#### Problem:
Word for word, restate the data that follows, omitting the images.

Task inputs: Begin

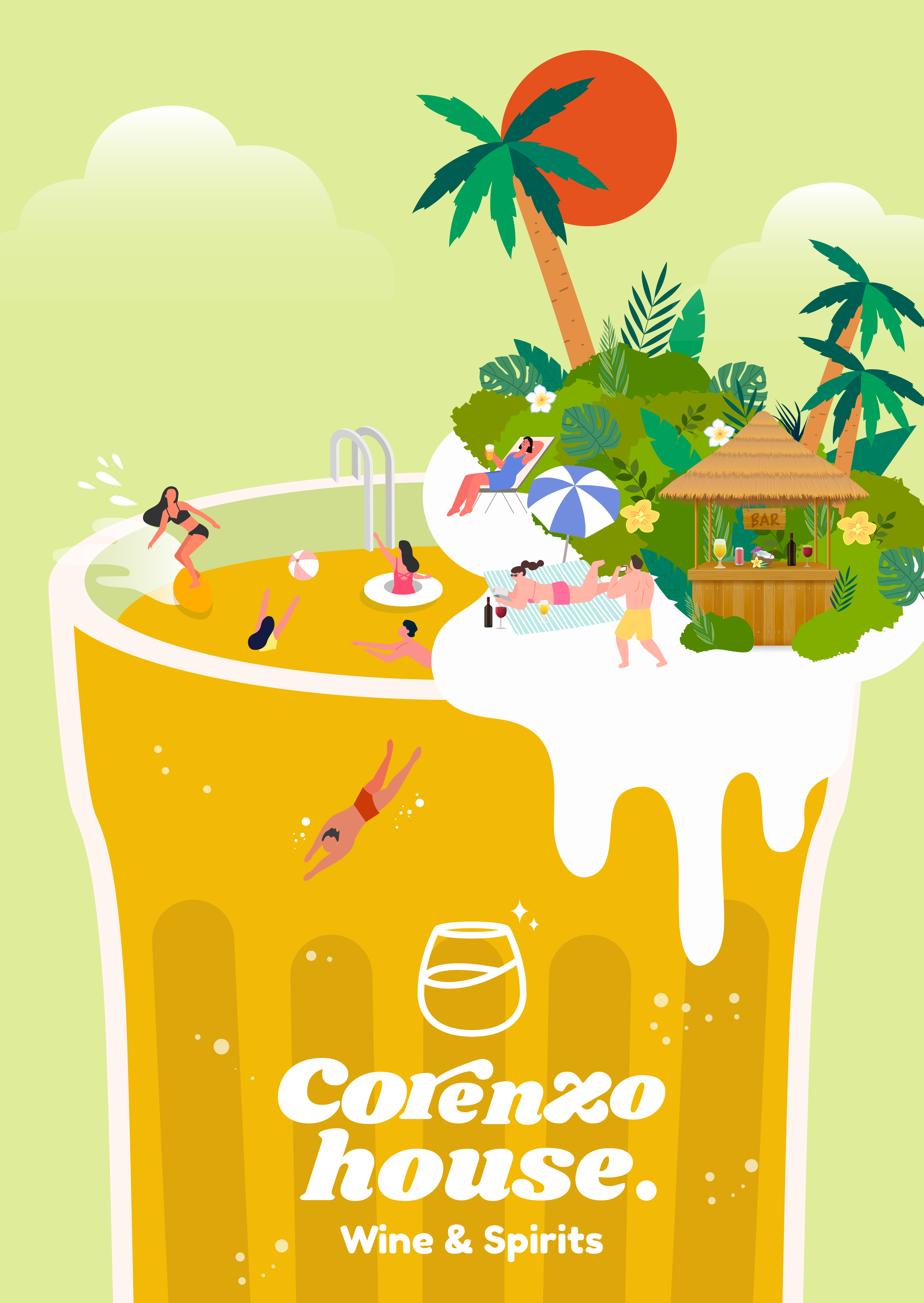 Corenzo House 여름 일러스트 포스터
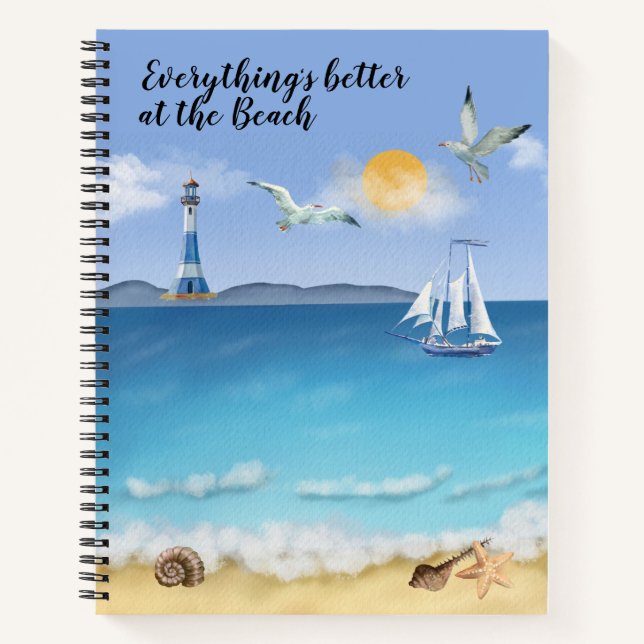 Carnet Tout est mieux sur la plage Ocean Scene (Devant)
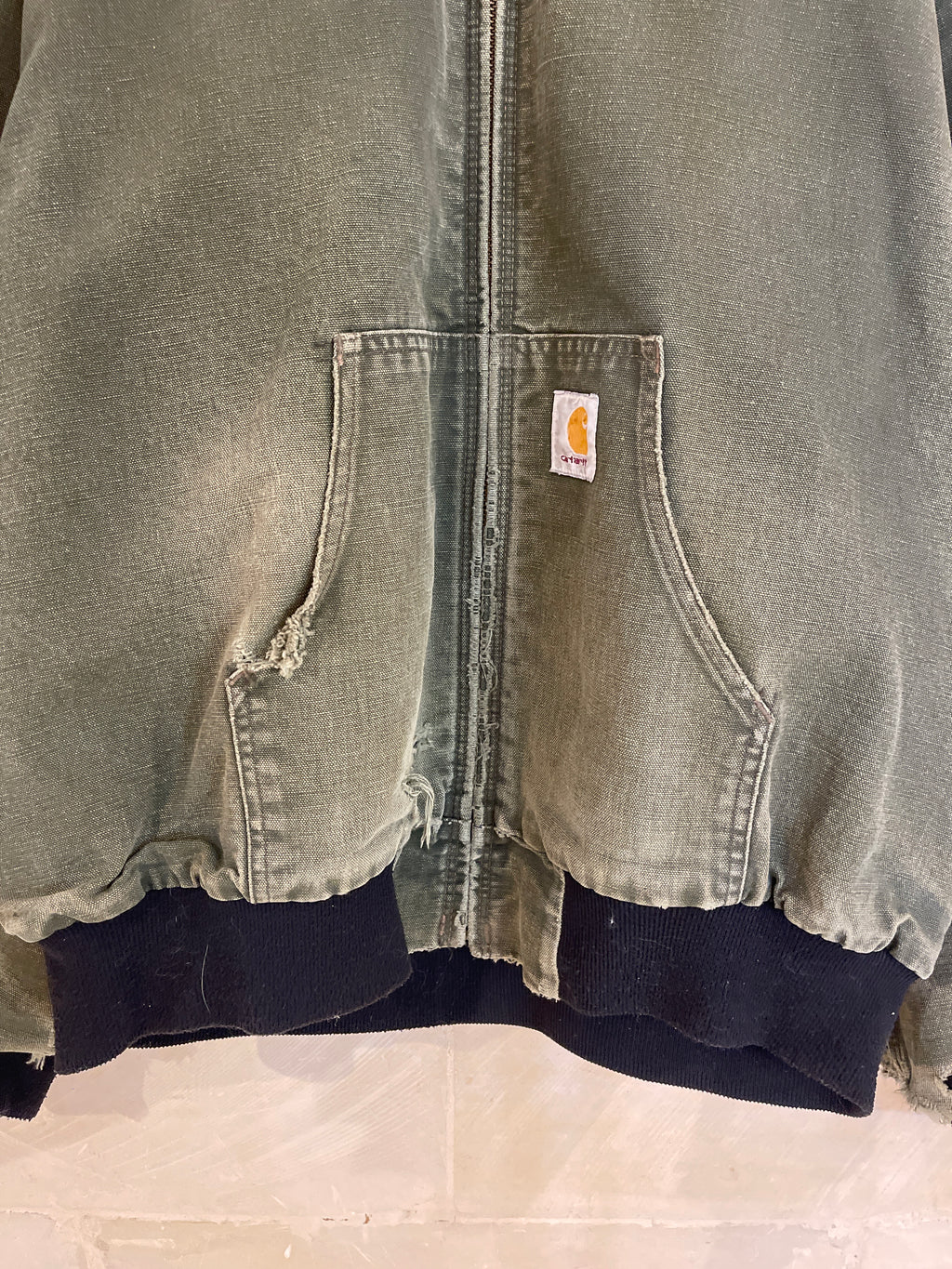 Vntg Carhartt Snta Fee Army Green Hoodie Jacket (XL)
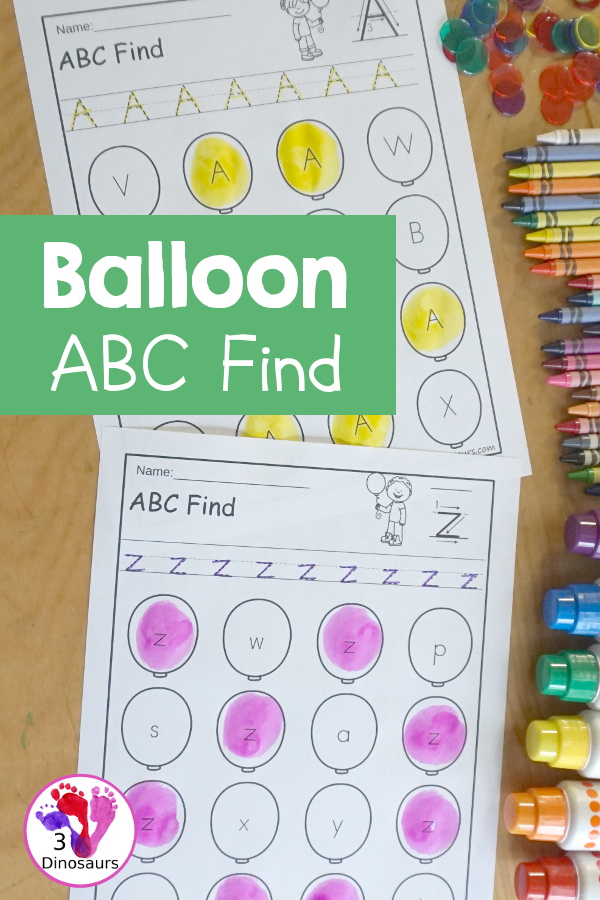 Balloon ABC Letter Find - All 26 Letters of the Alphabet - you have uppercase only and lowercase only with tracing the letters and find the letters. - 3Dinosaurs.com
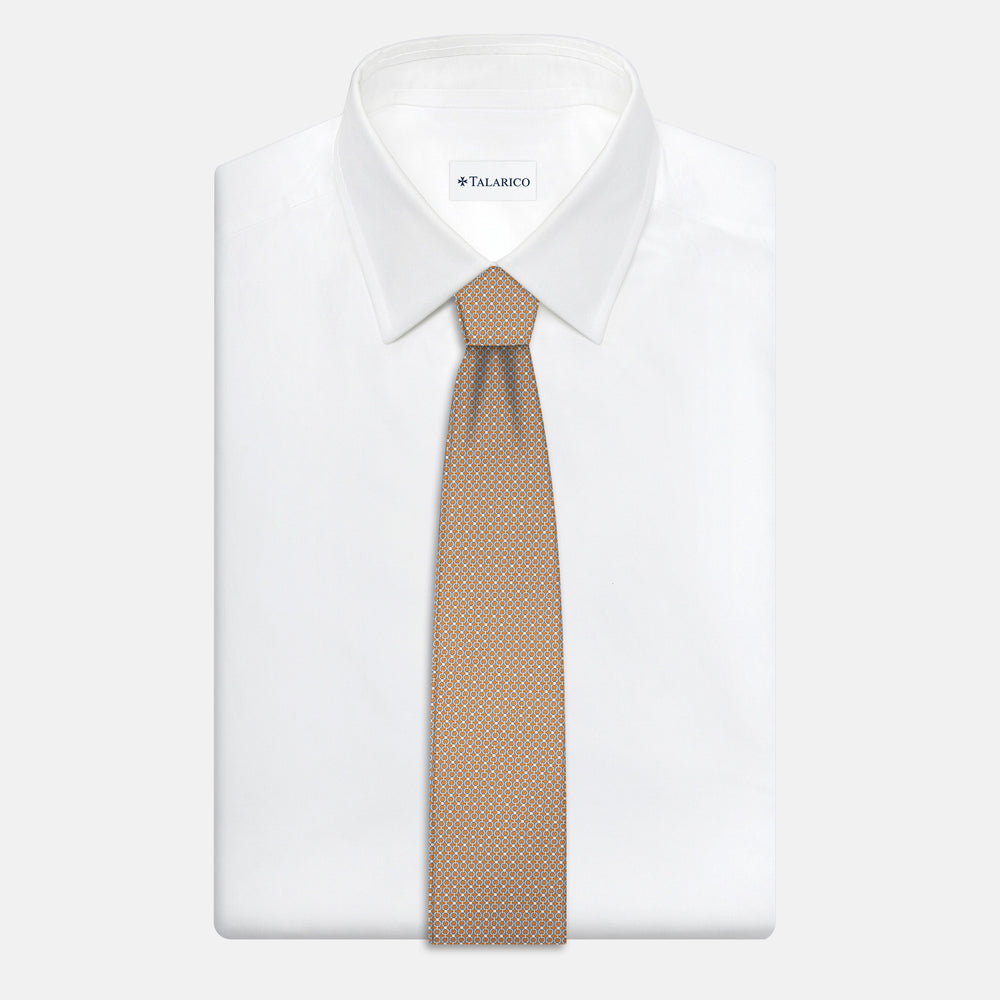 3-Fold Silk Tie, Chain Pattern, Yellow - JA056672-2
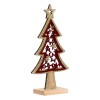 Decorațiune Crăciun Lemn, Model Brad Roșu, Detalii Glitter Auriu, 19cm, Oem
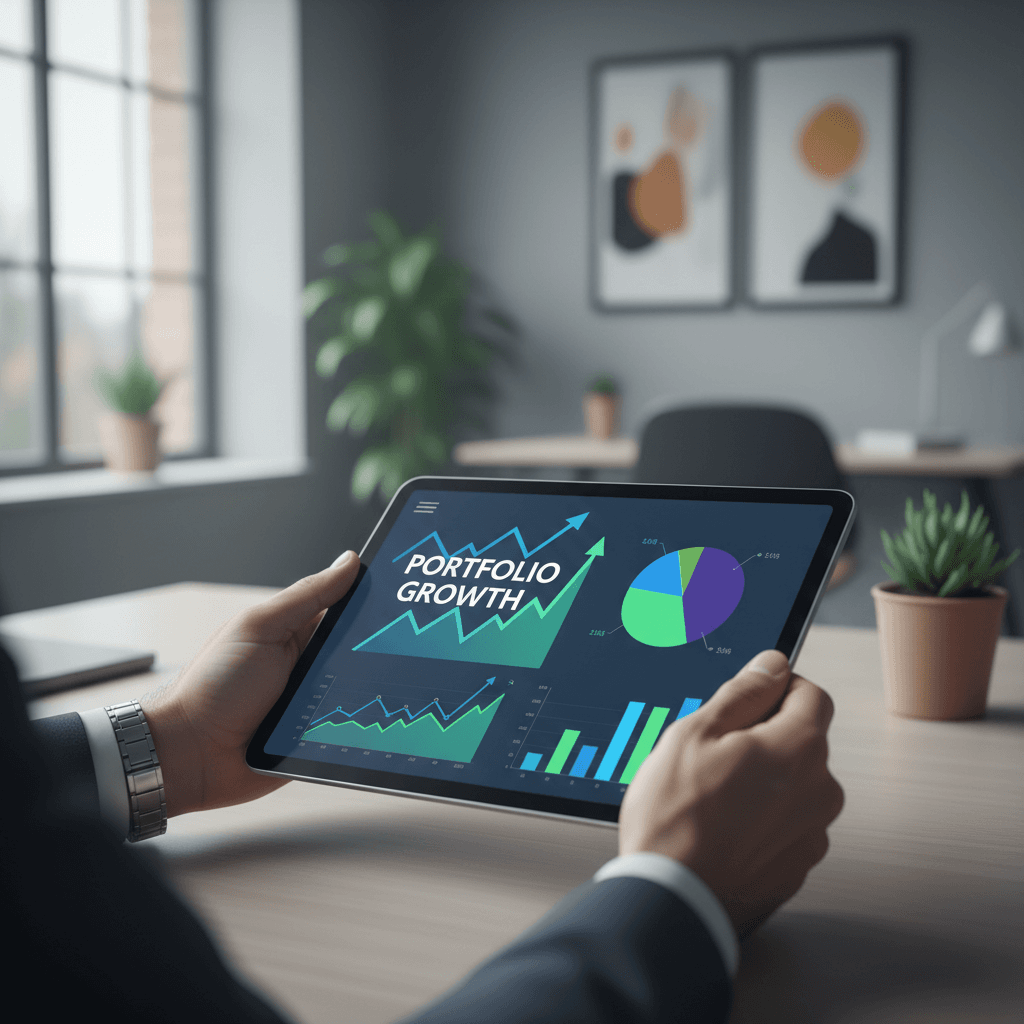 Investor reviewing a portfolio on a tablet in an office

Task inputs: End

#### Written reply:
 Corenzo House 여름 일러스트 포스터
 Carnet Tout est mieux sur la plage Ocean Scene (Devant)
 Vntg Carhartt Snta Fee Army Green Hoodie Jacket (XL)
 Balloon ABC Letter Find - All 26 Letters of the Alphabet - you have uppercase only and lowercase only with tracing the letters and find the letters. - 3Dinosaurs.com
 3-Fold Silk Tie, Chain Pattern, Yellow - JA056672-2
 Decorațiune Crăciun Lemn, Model Brad Roșu, Detalii Glitter Auriu, 19cm, Oem
 Investor reviewing a portfolio on a tablet in an office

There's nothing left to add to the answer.